▶ [WORK ORDER]:
The response should contain all of the data below, reproduced exactly, and no pictures.

▶ [INFORMATION SUPPLIED]:

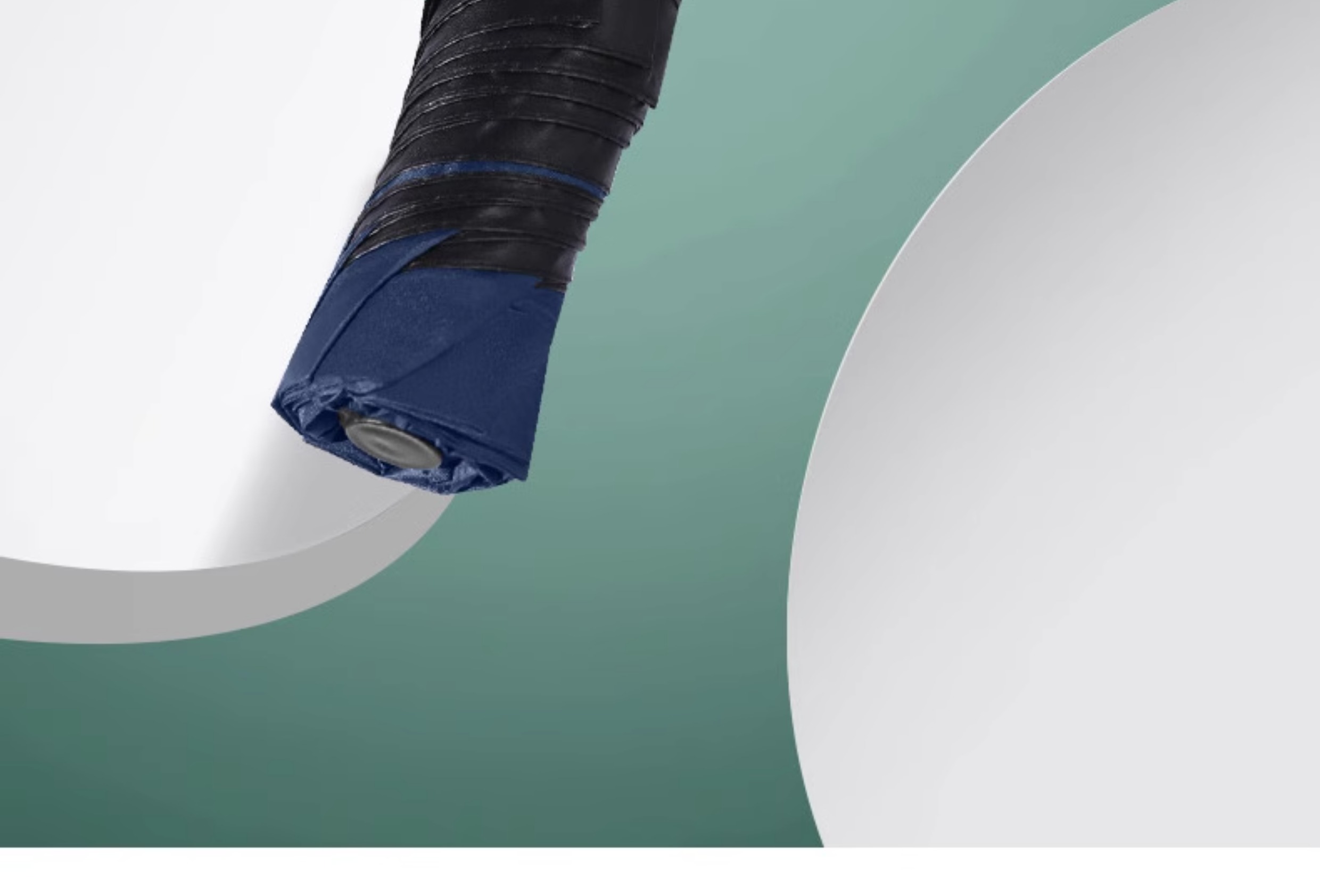 Folding automatic umbrella for male and female students, suitable for both sunny and rainy days, manual portable sun protection and sunshade, UV protection pic 3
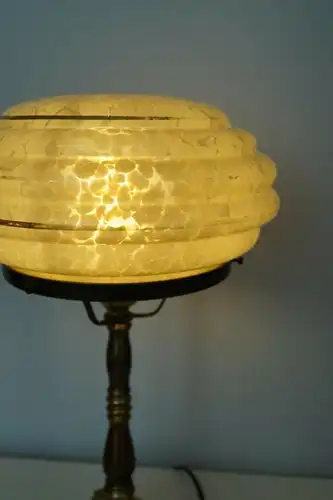 Art classique Déco lampe de bureau lampe en laiton Berlin lampe pour table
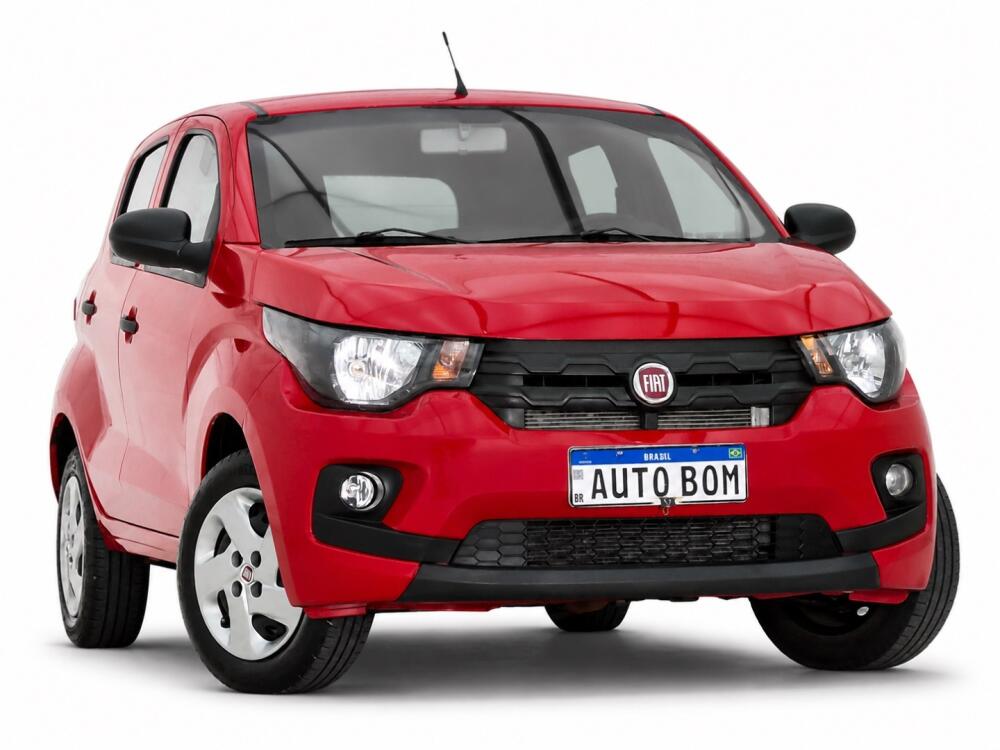 Fiat Mobi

▶ [FINISHED TASK]:
 Folding automatic umbrella for male and female students, suitable for both sunny and rainy days, manual portable sun protection and sunshade, UV protection pic 3
 Art classique Déco lampe de bureau lampe en laiton Berlin lampe pour table
 Fiat Mobi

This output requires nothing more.